Observar um cebola numa aula de psicologia... algo incomum
A observação é não só uma ferramenta necessária para o psicólogo como também deve
constituir uma maneira de posicionar-se perante a vida, perante si mesmo, os outros e à
reliadade que o cerca. Mas dai, obsevar uma cebola?... À partida, parece que isto não tem
analogia com a atitude contemplativa, crítica e reflexiva que o psicólogo precisa assumir.
Indo mais à fundo da dinâmica, entendi que mais do que observar, perceber e reflectir o
observado, a experinência desta dinâmica me remeteu para o desafio que a existência muitas
vezes nos coloca, me coloca: ver além das aparências, acreditar além do evidente, perscrutar a
essência das coisas além de toda a dinâmica utilitarista que nos cerca e marca o nosso dia a dia.
Observando a realidade, vejo como esta corre veloz e assume vários rostos. A guerra, a
violência, o medo, o conflito entre as nações, a luta pelo poder, o desprezo pelo outro, o
egoísmo, o erotismo, o fundamentalismo religioso, a busca de identidade que não integra a
dimensão do outro, as famílias fragmentadas, parecem ser as manchetes dos nossos dias.

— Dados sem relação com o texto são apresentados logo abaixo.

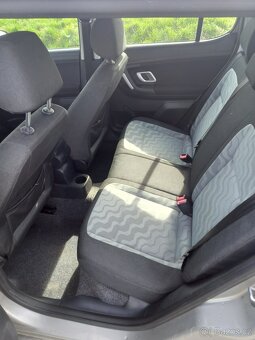 Skoda fabia 1.4 16v 63kw benzin - 9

Sombras que quase impõe-se como o único rosto da realidade total do mundo. Parece que por
vezes, aceitamos esses factos como “o rosto” da nossa relidade. Isso, sem falar de uma certa
propaganda dos “escândalos” e da “ditadura do bem estar” a todo o custo. Esta é a casca que
frequentemente observamos ou ignoramos e que outras poucas vezes ousamos jogar fora para
observar outra camada e quiçá outro rosto que fica escondido e que somente vem à tona quando
decidimos ir além de nós mesmos, quando decidimos levar em consideração outros parâmetros,
quando conseguimos olhar atentamente.
Iolanda Mendes de Oliveira
O outro rosto da nossa realidade, pode ser a partir desta outra perspectiva a realidade do bem que
há no ser humano, do bem que se faz, da significação que se busca... o outro rosto, pode ser a
ousadia dos que ariscam ir além. É o rosto da beleza do ser, do transcerder-se, da busca de
compreensão da natureza singular da nossa história contemporânea que parece ensaiar uma
“virada radical”... é o rosto daqueles que enfrentam o seu medo, que se deixam desafiar por
questões mais profundas e ainda nutrem a beleza de doar-se aos outros em meio ao processo de
se possuirem, do auto-conhecimento.
Sim, afinal a “experiência da cebola” na aula passada ultrapassa as minhas previsões,quase
sempre limitadas... afinal tudo gira além do tempo, onde as coisas e os eventos são apenas
sombras da realidade... a cebola me revelou o quanto o “homem mítico” habita em mim... viver
observando a imagem da realidade em vez da realidade. A cebola me fez ver que se calhar é
preciso “sair da caverna”, enfrentar o sol em vez de contentar-me com os raios, enfrentar a
cegueira temporária ou o processo de “acomodacão visual” constante. Por isso como diz um dos
textos que nos iluminou na aula, “os pobres são os que se limitam à casca das coisas, à aparência
da realidade, à pele do mundo”. E eu acrescentaria ainda que viver miseravelmente é fechar-se
num único nível de interpretação simbólica.